During our time in Split we did tours of both the UNESCO site of Plitvice Lakes national park and also the beautiful Krka Falls national park. Both are brilliant examples of the natural beauty that abounds in Croatia and are highly recommended for day trips. We found Adriatic4You and Get Your Guide to be good choices for taking guided tours.

You can see a short video of the lovely Krka falls below. Keep in mind that we took the tour in winter so expect it to be even more spectacular in the spring through fall months!

Krka Falls national Park Split or Dubrovnik

A Taste of Dalmatian Life: Split vs Dubrovnik


Split is the second largest city in Croatia and it feels more real than it’s incredibly beautiful but more touristy Dalmatian sister, Dubrovnik. In Split you will find a perfect balance of old and new and you can feel the buzz of a city that is alive, flourishing and actually lived in as opposed to being mainly a tourist destination…even though it has plenty to offer visitors. The best example of this balance is the old city center of Diocletian’s Palace. A UNESCO World Heritage site which houses not only the old cathedral and bell tower but also homes, shops, restaurants and bars within its ancient walls and somehow makes it all feel cohesive.

In Split, Croatia you can get a taste of real Dalmatian life and if you stay long enough you will likely want to become a part of it. From the daily fish market to the walks in Marjan park and the hours of sipping coffee at the many cafes, it is easy to fall in love with life here. So when looking at Dubrovnik vs Split for a more authentic experience we would definitely say Split.

Hermitage Church in Split or dubrovnik croatia

View across Split harbour looking at the popular Riva waterfront.

Busy and charming cafes on the Riva in Split. Something to think about when deciding between Split or Dubrovnik

This view of the sea from Marjan Park in Split Croatia is another argument when deciding Split or Dubrovnik

Most to Offer: Split vs Dubrovnik


Dubrovnik, you are indeed drop dead gorgeous but when looking at Split vs Dubrovnik the tipping point for us was that we found Split to be so much more than just a pretty face.

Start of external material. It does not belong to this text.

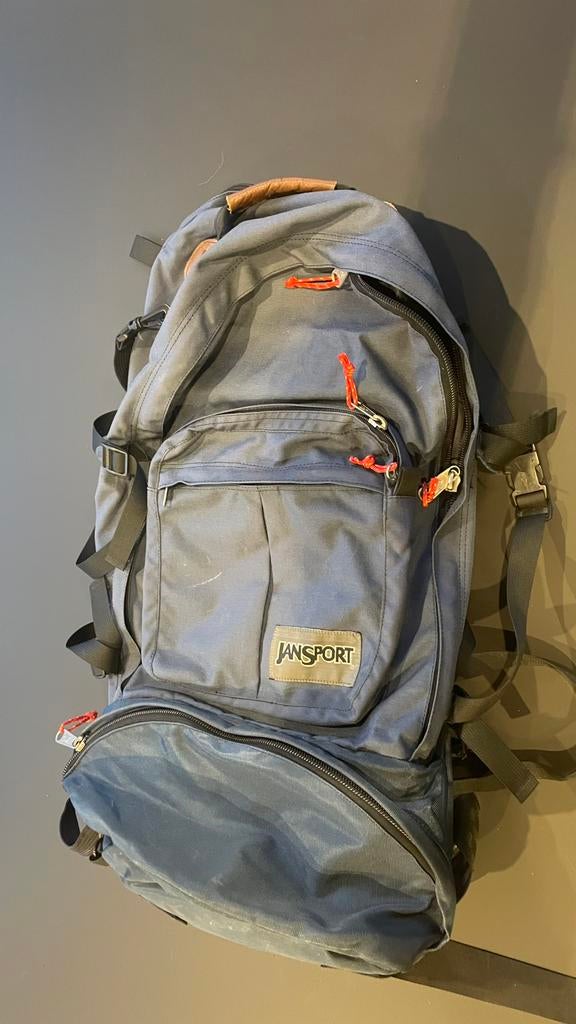 Jansport hiking rugzak (65 cm), Overige merken, Gebruikt, Ophalen of Verzenden, Trekking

The city is a perfect balance of old and new, vibrant and chill, fantasy and real world.

  1. As a tourist there is more than enough to see and do not only in Split itself but also in the surrounding areas.
  2. Dubrovnik is beautiful but it’s also very touristy and is starting to feel a bit fake. Split has it’s share of tourists but even in high season you can get a peek at real Dalmation life.
  3. Within minutes you can go from strolling along the very modern Riva on the waterfront to getting lost in the ancient cobbled streets of Diocletian’s Palace.
  4. If you love beaches there are plenty of places to plant yourself in the sand and dip your toes in the water. If mountains are your thing they create a perfect backdrop to the city and on the edge of old town you can go hiking for hours in Marjan Forest Park.
  5. For foodies there is everything from modern sushi bars to traditional seafood taverns along with an abundance of cafes and gelaterias to satisfy every taste.
  6. Although Croatia is far from the budget destination it used to be, there are still more deals to be found in Split vs Dubrovnik.
  7. Add to all this the marina, the nightlife, the trendy boutiques and the modern and traditional markets and there really isn’t much missing.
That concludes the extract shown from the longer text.